Staff photo by Joe Phelan
It's not hard to tell he's in the business -- every election cycle he covers a side of his North Street building with his season's work. The wall is dominated by municipal and state candidates from Freeport to Franklin County.
"It's a lot of fun every couple years having the politicians come by, because nobody will just stay and pick up their signs. They'll always end up talking about something," Garant said. "It's a part of the business I really enjoy."
The idea is ancient, but the sign isn't going out of style. If done right, signs can not only show a measure of support and make candidates' names known, but they can personify the politician's outlook or sense of humor.
All about name
Cindy Kam, a political science professor at Vanderbilt University in Tennessee, said signs work to reinforce the names of candidates in low-level races, when there's scarce information on candidates' positions.
"There's not a lot of information on actually what the issues are," she said. "Even names can be affiliated with ideology. Symbols can do that as well. Images can do that as well."
That means with names like Berry and Knight, you have plenty of possibilities.
State Rep. Seth Berry, D-Bowdoinham, has three blueberries and two green leaves on his campaign signs. The legislator, running for his fourth term in the House, said he's used the design since his first campaign.
He attributes the design to boosting name recognition in his first race and says they remain popular with constituents because of the design.
"For me, blueberries were a natural association between my name and what's best about Maine," he said. "It was a no-brainer."
And state Rep. Gary Knight, R-Livermore Falls, has used a blue-and-white sign adorned in two corners with yellow, twinkling stars and a waxing crescent moon in the last three of his four campaigns.
"My slogan is, 'A difference of Knight and day' -- whoever my opposition is," Knight said. "The motif, if you will, carries through to all of my campaign communications, whether it's my ads in the paper, my handouts at the doorway or my mailers."
Though, he concedes, the play on words isn't grammatically correct. "Maybe the British Knights of the Round Table would have been a little more appropriate," he said.
"I get a lot of favorable compliments on it because it's punny," Knight said of the design. "Some might think it's a little hokey, but why not have some fun while you're doing it?"

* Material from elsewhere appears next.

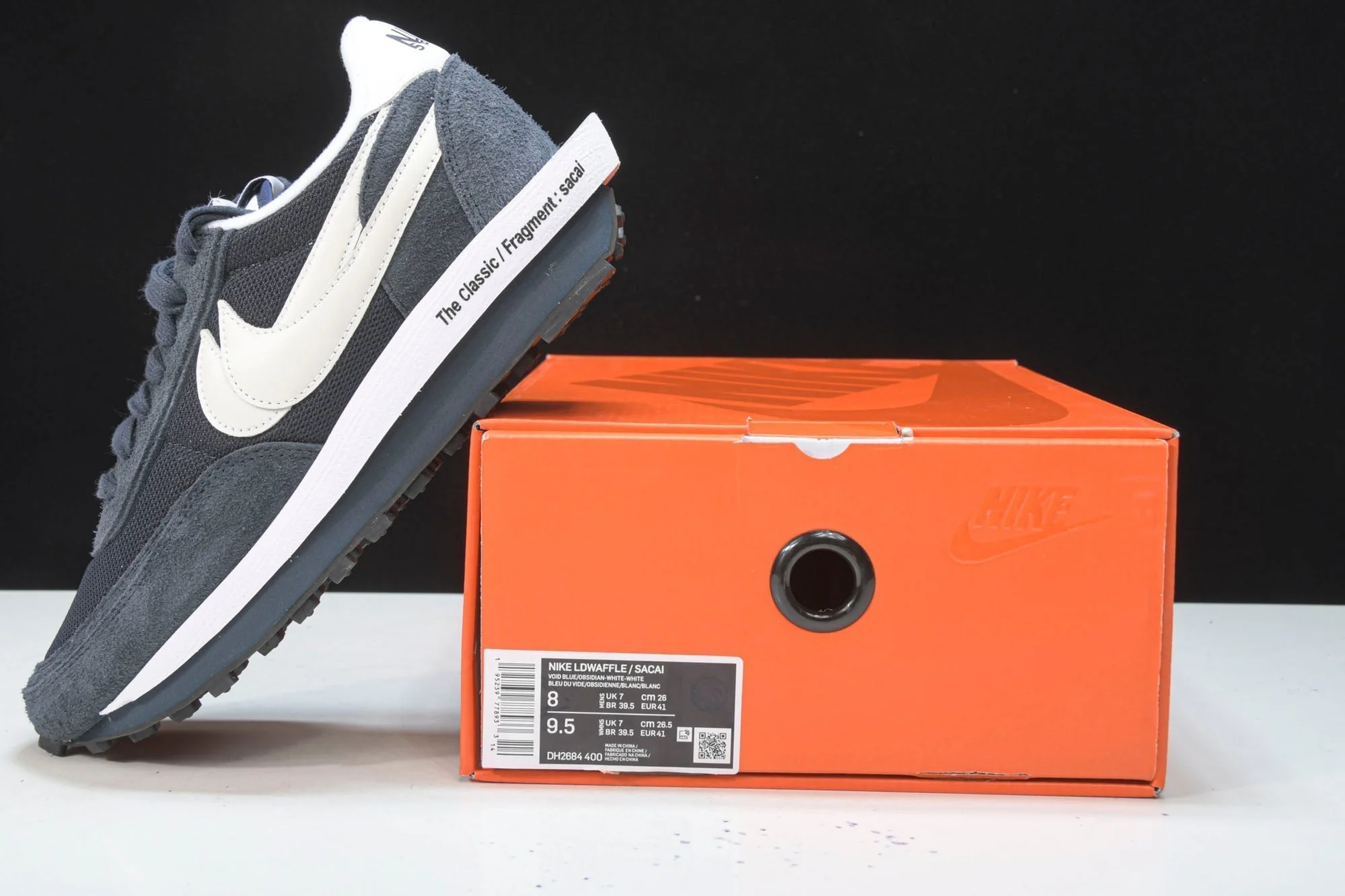 Fragment x Sacai LD Waffle 'Blackened Blue'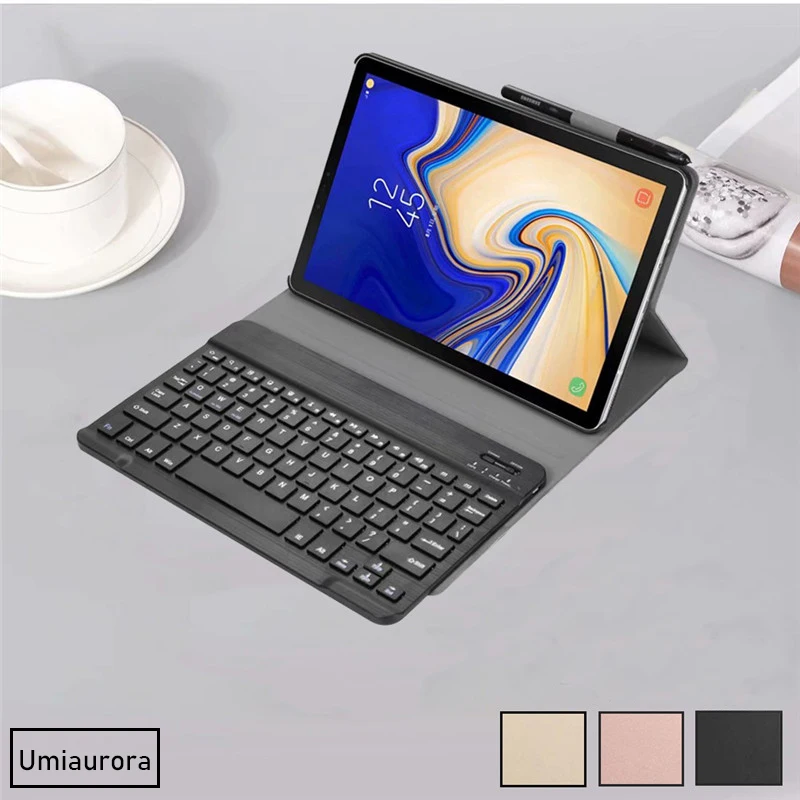 

Case for Samsung Galaxy Tab S7 FE Plus 12.4 SM T875 T975 T735 Wireless Keyboard Case Stand Cover For Tab A7 S6 Lite 10.4 2021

And while Knight is a good name, Angus is too. Independent U.S. Senate candidate Angus King uses a mostly green sign with his first name and leaves off his last.
Garant thought that choice was bold.
"It's pretty good," Garant said, mentioning he wanted to do King's signs for this cycle, but was never asked to put in a bid.
"I'd say it was great if I'd done it," the printer quipped.
'Keep it simple'
When it comes to signs, Garant doesn't have flashy taste. As he stood in front of his outside wall, sign designs that stuck out to him had colored backgrounds and white print with large names in sans serif font.
In his favorites, names are paired with the office the candidate's running for -- nothing else.
"Everything I've heard, and it hasn't been disproved since, is 'Keep it simple and straightforward,' " Garant said. "You have to have something easily recognizable."